Maybe I'm just lucky, but my experience is Ether ok, when I pulled those rounds down, they were just stinky! Maybe not quite rotten eggs bad, but similar.
It only takes a MINUTE amount of any compound, particularly within a closed container, to generate a strong odor. As mentioned, some powders normally smell like ether.
In other words being Devil's advocate here, 99.999% of the powder mass could be fine, but the 0.0001% from the surface of the grains that is slightly oxidized could make a pretty strong smell that gets concentrated inside the closed can.
I'd be more worried about the rust than the smell. Rust means the can metal has oxidized. Assuming the cans were properly sealed and airtight, that implies that the powder itself may have degraded, releasing some 02 into the can.
How much has it degraded? Don't know. Don't know if its even possible to measure that without some reasonably sophisticated testing.
Enough to be dangerous? Don't know. . .though if the can has really never been opened, I sort of doubt it.
The biggest concern I'd have isn't that the powder won't work at all, or that it will spontaneously explode, its that it will be inconsistent.
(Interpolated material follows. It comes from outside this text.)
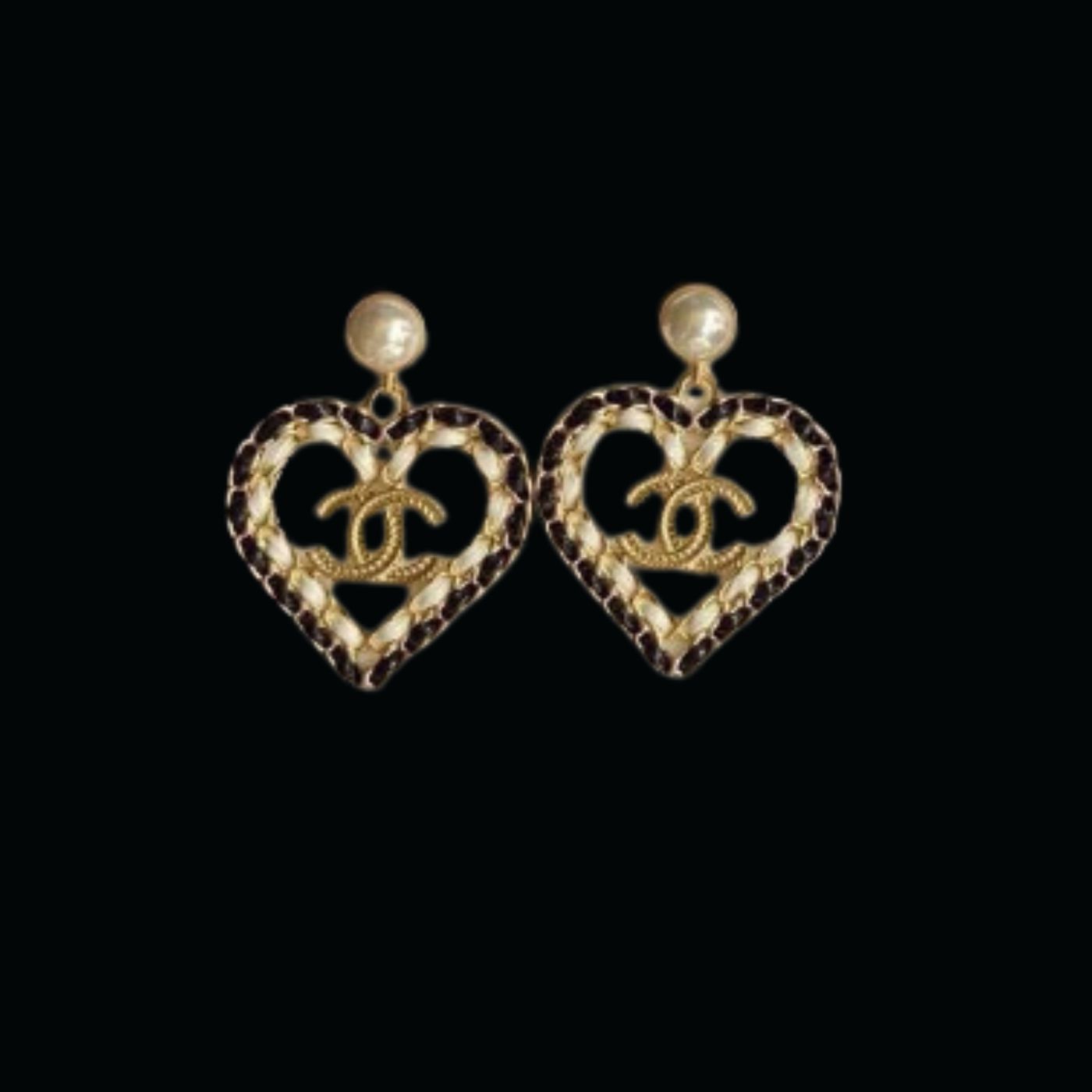 Chanel Black White Borders Heart Earrings Gold Tone For Women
That can lead to varying pressures, and poor accuracy.
Badly degraded powder could lead to hang fires (where the powder doesn't all ignite at once) or squib fires (where the pressure isn't high enough to drive the bullet out of the barrel), and both of those are potentially dangerous.
The question is really how much is it worth to you in terms of time/energy to take a chance testing it. For a $15-20 can of powder (or maybe you paid even less) it may not be worth your time and energy to bother. I certainly wouldn't use it for any "serious" (ie match-type) loads.